RE: the HOW-TO of converting Chinese to Unicode HTML

From: Marco Cimarosti (marco.cimarosti@essetre.it)
Date: Thu May 24 2001 - 11:22:06 EDT


Augustus wrote:
> I need to know the HOW-TO of converting Chinese characters into
> Unicode HTML (in Traditional Chinese)?
>
> I am writing a web page that will retrieve Chinese sentences
> from database, then E-mail to my clients accordingly. Since some of my
> clients mail software can't interpret Chinese unless I put the Chinese
> in Unicode HTML format.
>
> My converter software can do this convertion, but since I cannot
> see it's program source code, I don't know HOW they do it. I want to
> know the logic / algorithm / method of this convertion. Do you know
> where I can learn that?

I think that this should be in the Unicode FAQ. I propose to add it as the
second Q/A in: <http://www.unicode.org/unicode/faq/conversion_mapping.html>.

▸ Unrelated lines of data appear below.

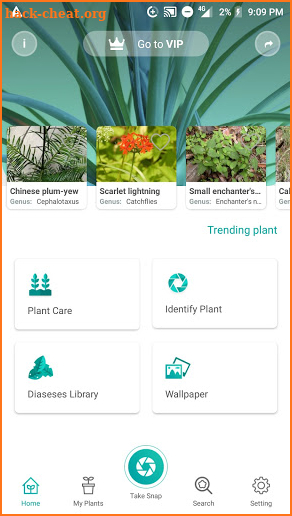 PlantSpot - New Plant identification screenshot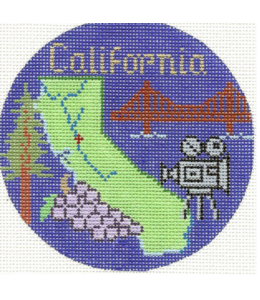 California 4 1/2" Round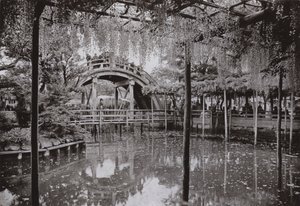 亀戸（モノクロ写真 作： Herbert Ponting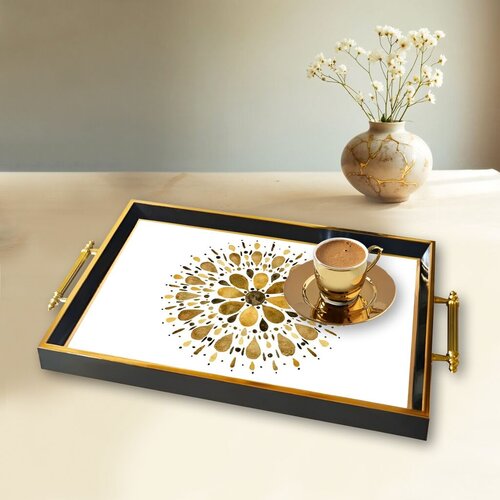 Aberto Design Poslužavnik TPA9802 50 x 29 x 3.5 cm, Šareni Cene
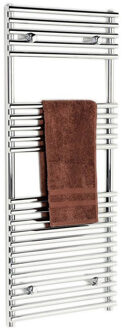 Sapho Deserto radiator chroom 50x120cm 489W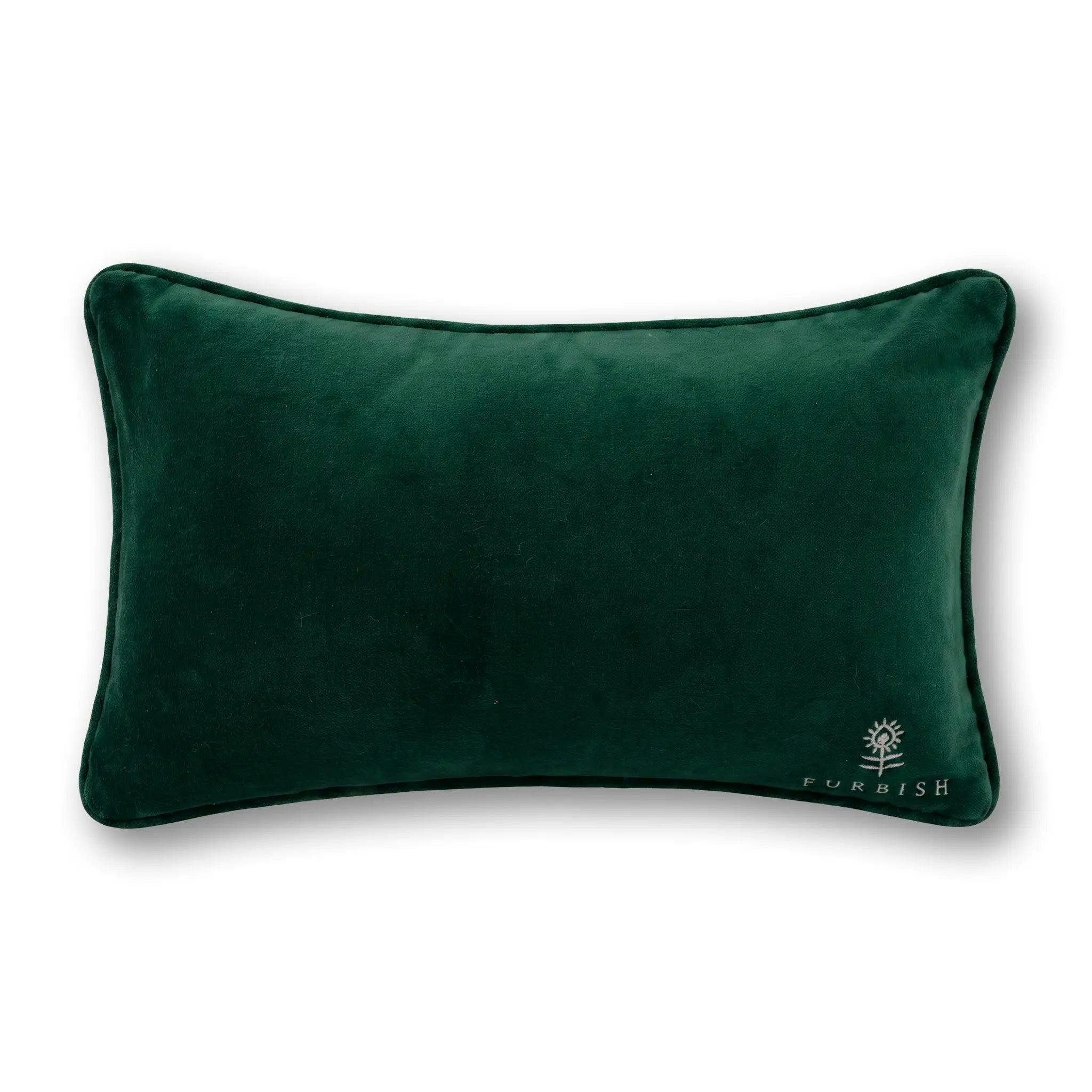 Pumpkin To Talk About Needlepoint Pillow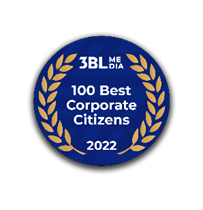BL Media 100 Best Corporate Citizens 2022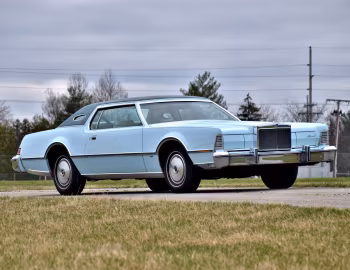 1975 Lincoln Continental Mark IV (89 65D)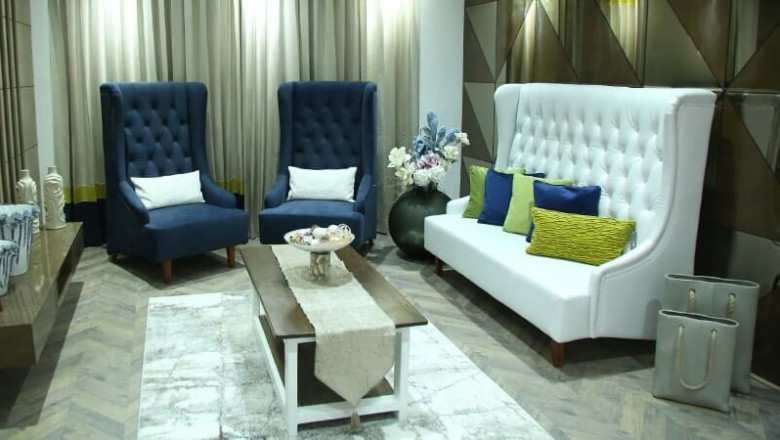 Rethink Comfort With Customized Fabric Luxury & Modernized Majlis Design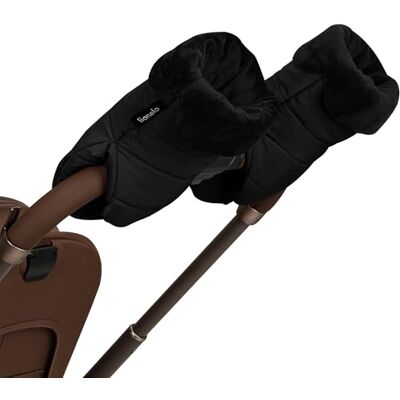 lionelo Handmuff Oli Guanti Scaldamani Universali per Passeggino Impermeabili e Antivento, Imbottitura Morbida, Chiusura Magnetica, Comfort nelle Passeggiate Invernali lionelo Handmuff Oli Guanti Scaldamani Universali per Passeggino Impermeabili e Antivento, Imbottitura Morbida, Chiusura Magnetica, Comfort nelle Passeggiate Invernali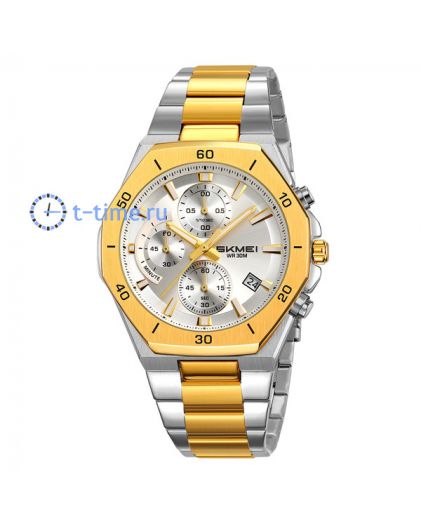 Skmei 2452TGDSI silver gold/silver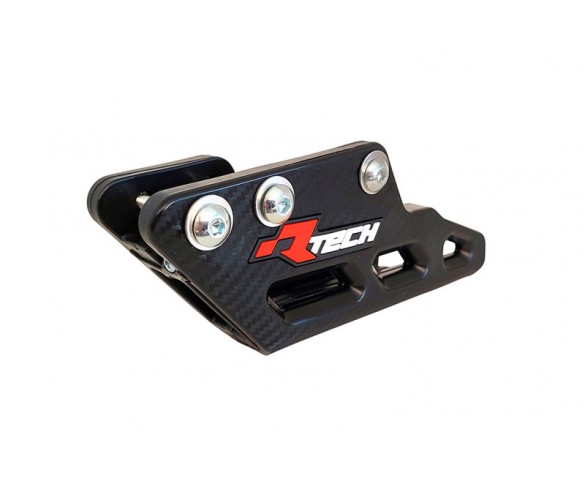 Rtech, Kedjestyrare Monoblock R2.0 WORX, SVART, Yamaha 23-25 YZ450F, FANTIC 24 XXF 450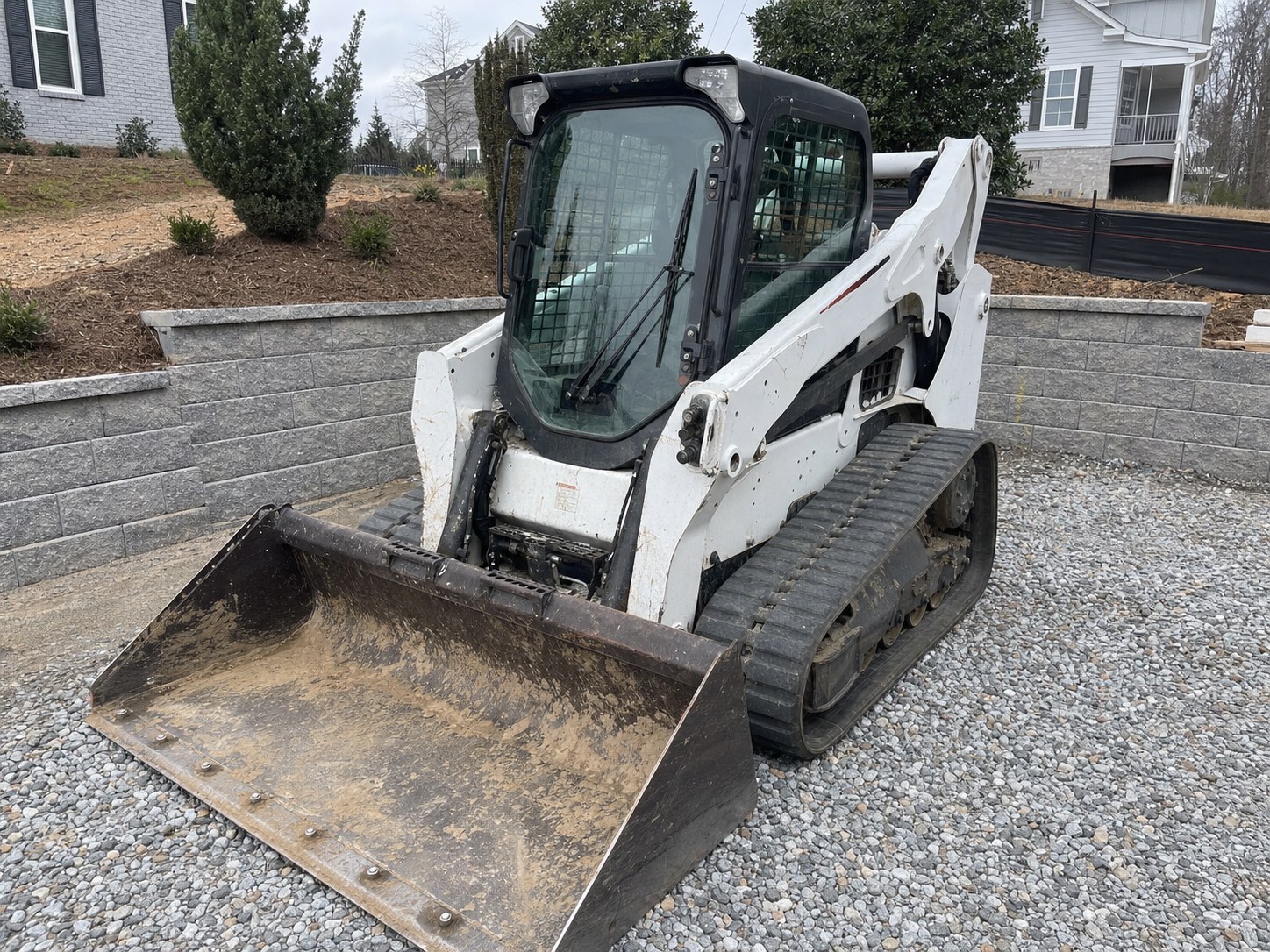 Compact Track Loader with 68 in Bucket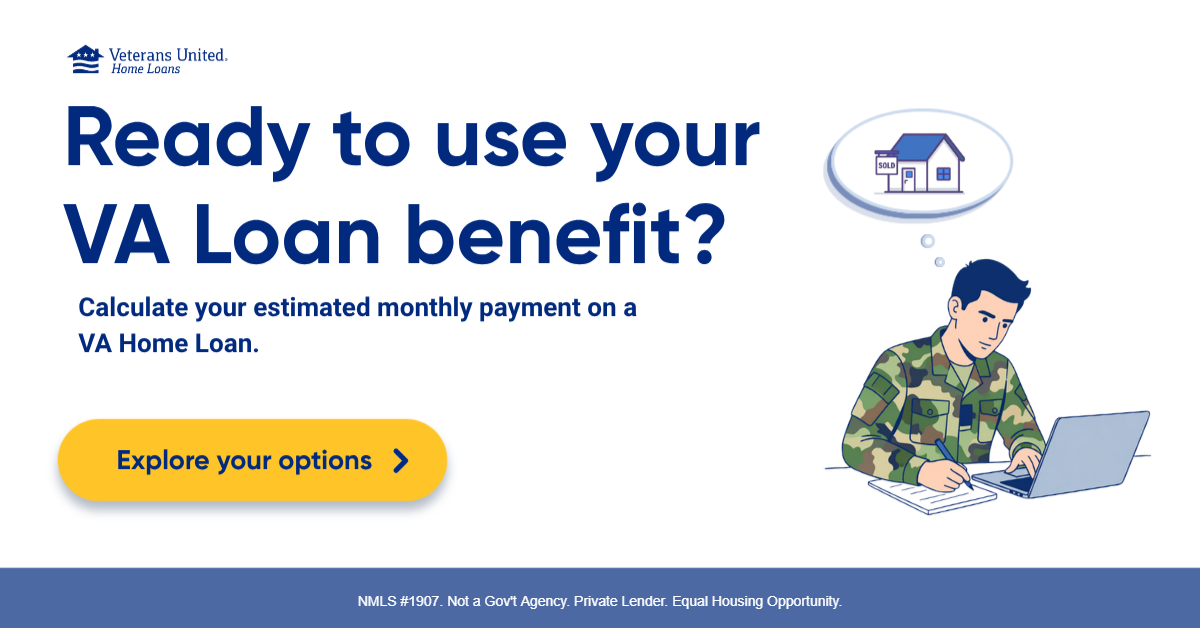 Veterans United Facebook ad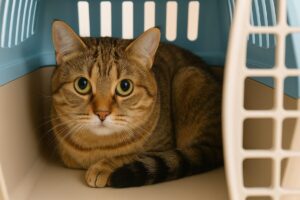 猫の通院ストレスを軽減するには？動物病院に行く前にできる準備と安心させる工夫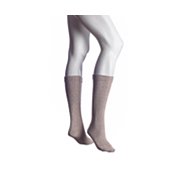 Via Spiga Cashmere Muted Cable Knee Sock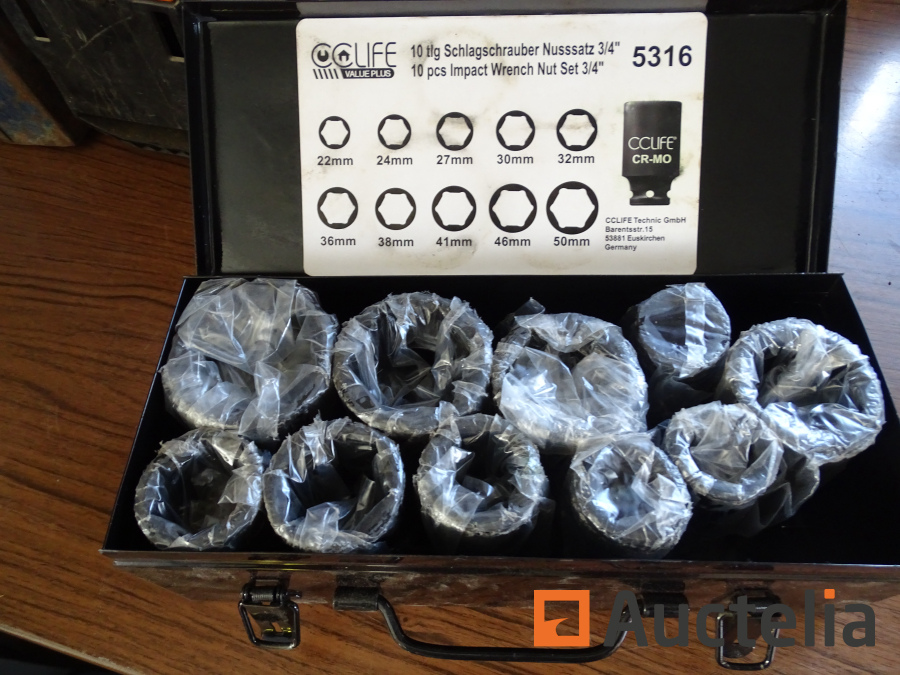 CCLIFE CR-MO shock socket box - bushings 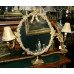 Ornate French Ormolu Dressing Table Mirror c.1920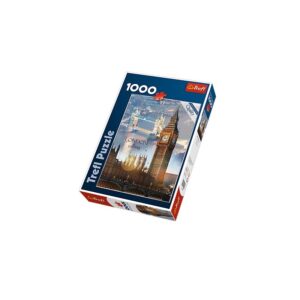 PUZZLE TREFL 1000 ZORI DE ZI LA LONDRA - imagine 1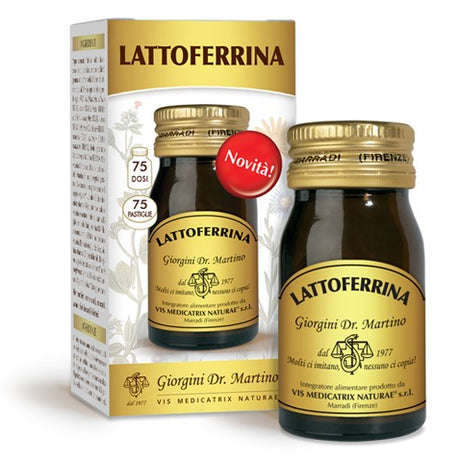 giorgini ser vis lattoferrina 75 pastiglie giorgini ean 8058045120483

This is my tentative draft. If it is too long, I have enclosed in [[[ ...
]]] parts that can optionally be dropped. Of course my 2nd-language English
will probably need some corrections.

Q: How can Unicode text be converted to a different encoding (or vice
versa)?

A: Unicode has many more characters than any previously existing encoding.
Because of this, it is almost always possible to convert text from another
encoding to Unicode, without any loss of data.

The opposite process (converting from Unicode to another encoding) is also
possible. However, if the Unicode text to be converted contains many
languages at once, it is possible that no other single encoding exists that
supports all the required languages. In this case, parts of the text data
may be lost in the conversion.

Generally speaking, there is no algorithmical correspondence between Unicode
code points and code points in other encodings. For this reason, the
conversion must make use of *mapping tables*.
[[[ This is especially true for CJK ideographs, because the set of Unicode
ideographs has been obtained by merging and re-sorting lists of ideographs
taken from a variety of sources, such as CJK encoding standards or
dictionaries. ]]]

[[[ In the case of encodings for alphabetic writing systems, however, most
encodings (including Unicode) normally store letters in their natural
alphabetical order. This distribution may be deployed to compress mapping
tables. For instance, the 256-line table for encoding ISO-8859-5
(ftp://ftp.unicode.org/Public/MAPPINGS/ISO8859/8859-5.TXT) can be turned
into an 8-line table by using code ranges:
        00..A0 = 0000..00A0
        A1..AC = 0401..040C
        AD = 00AD
        AE..EF = 040E..044F
        F0 = 2116
        F1..FC = 0451..045C
        FD = 00FD
        FE..FF = 045E..045F ]]]

The directory ftp://ftp.unicode.org/Public/MAPPINGS/ on the Unicode
Consortium's FTP site contains many mapping tables between Unicode and other
encodings.
[[[ Other similar tables may be provided by other people or organizations.
Links to such external resources are found on the Unicode Consortiums web
site (http://www.unicode.org/unicode/onlinedat/resources.html). ]]]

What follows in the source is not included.